Les Chinois quant à eux sont moins exposés sur la question du nucléaire iranien, mais sont sur la même ligne que les Russes. Depuis que les Européens se sont retirés, l'Empire du milieu est devenu le premier partenaire économique de l'Iran. On peut penser que les Chinois profitent de la situation de blocage, mais si l'économie iranienne se porte mieux grâce à la levée des sanctions, cela  leur profitera forcément

Faut-il pour autant croire que tout va se résoudre entre les différentes parties rassemblées à Vienne ? Ne risque-t-on pas de pêcher par optimisme ?

Les tensions étaient telles entre les Occidentaux et les Iraniens, qu'on ne peut pas nier le caractère très important de cet accord. Celui-ci peut clairement signifier une nouvelle ère pour la région. Ceci dit, personne ne peut dire combien de temps la normalisation des relations prendra. Des éléments iraniens sont toujours très opposés aux Etats-Unis, et le Guide Khamenei a beau être pragmatique, on ne passera pas d'une hostilité totale à une collaboration complète. Le régime reste très prudent et calculateur, mais que l'Iran ne soit plus considéré comme l'ennemi absolu, c'est une avancée considérable.

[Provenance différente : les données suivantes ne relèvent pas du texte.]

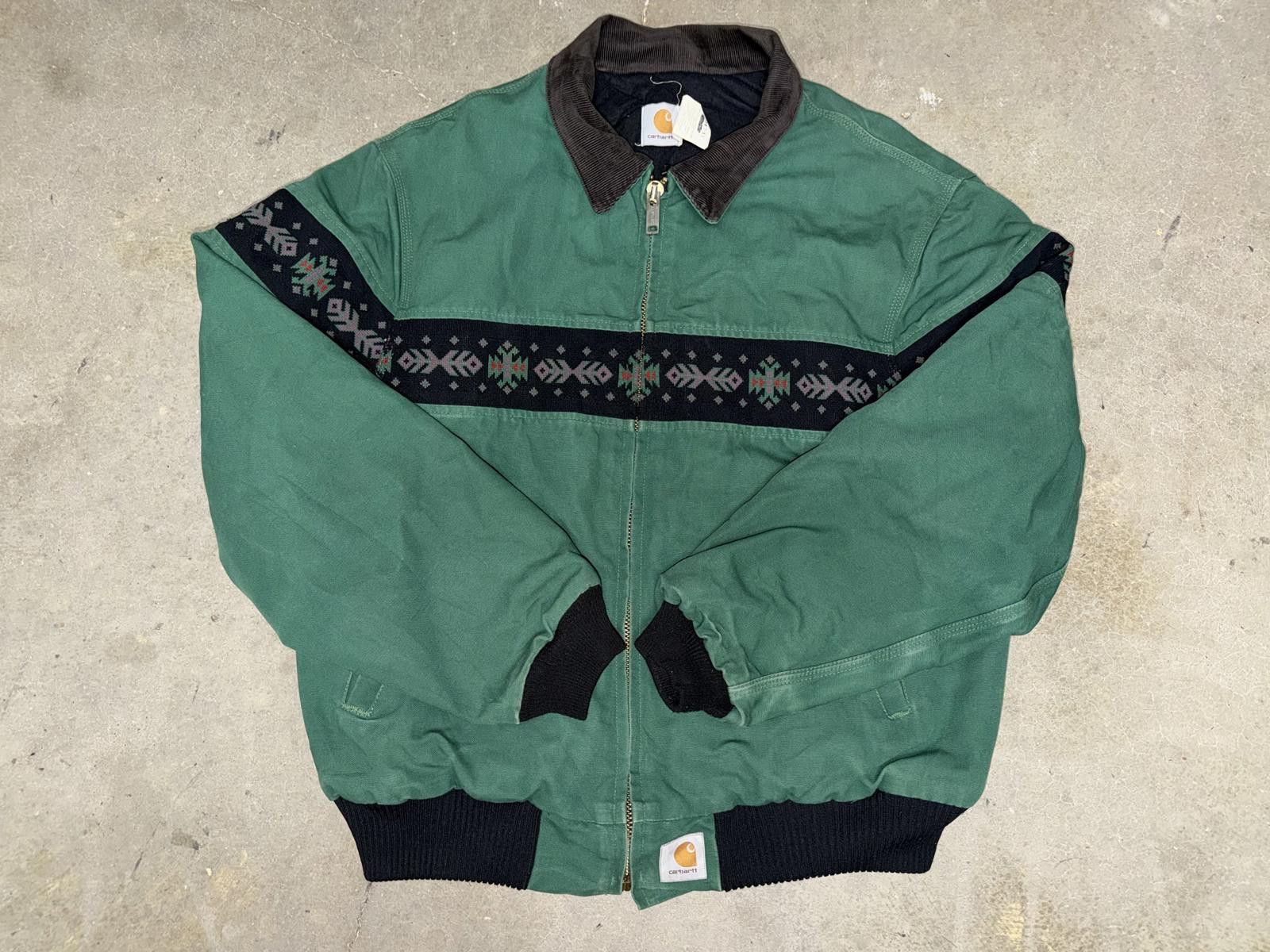 Carhartt Rare 1994 Carhartt Green Aztec Santa Fe Jacket JQ0458 Size US XXL / EU 58 / 5 - 1 Thumbnail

La menace islamiste et l'incapacité de l'Arabie saoudite à faire face à cette dernière ne sont pas étrangères à cette volonté d'apaisement rapide, mais une normalisation des relations avec un Iran ayant statut de force stabilisatrice au Moyen-Orient pourrait-elle s'accompagner d'effets pervers pour les Occidentaux ? Lesquels ?

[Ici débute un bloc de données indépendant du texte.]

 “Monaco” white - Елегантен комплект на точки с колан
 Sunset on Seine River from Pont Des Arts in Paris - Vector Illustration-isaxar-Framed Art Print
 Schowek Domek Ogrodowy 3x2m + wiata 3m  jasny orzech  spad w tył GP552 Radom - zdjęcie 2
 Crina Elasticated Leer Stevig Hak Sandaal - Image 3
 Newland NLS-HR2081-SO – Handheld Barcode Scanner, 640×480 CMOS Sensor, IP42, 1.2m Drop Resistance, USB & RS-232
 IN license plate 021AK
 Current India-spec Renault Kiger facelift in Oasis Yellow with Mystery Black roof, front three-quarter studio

Je ne pense pas que l'Iran soit à la recherche du statut de gendarme du Moyen-Orient, au profit des Occidentaux. Cette logique relève du passé prérévolutionnaire. Aujourd'hui c'est un pays assez mature, qui tient avant tout à sa place dans la région, sans pour autant vouloir contrôler le Golfe.

L'occident s'est depuis la fin de la Seconde Guerre mondiale placé sous la dépendance énergétique de l'Arabie saoudite, ce qui s'est payé en retour par une diffusion du salafisme dans le monde entier, avec comme dernière émanation l'Etat islamique. Que doit faire l'occident pour parvenir à établir avec l'Iran une relation gagnant-gagnant, et non une relation de dominant-dominé ?

Ne soyons pas naïfs, l'Iran reste un pays très rationnel et pragmatique, donc ne nous attendons pas à ce qu'il défende nos intérêts. Ce sont des négociateurs dans l'âme, par conséquent ils analysent leurs intérêts en fonction des dossiers, pris séparément. Un rapprochement dans la lutte contre Daesh peut être intéressant pour les Iraniens, mais il peut en aller autrement dans d'autres domaines.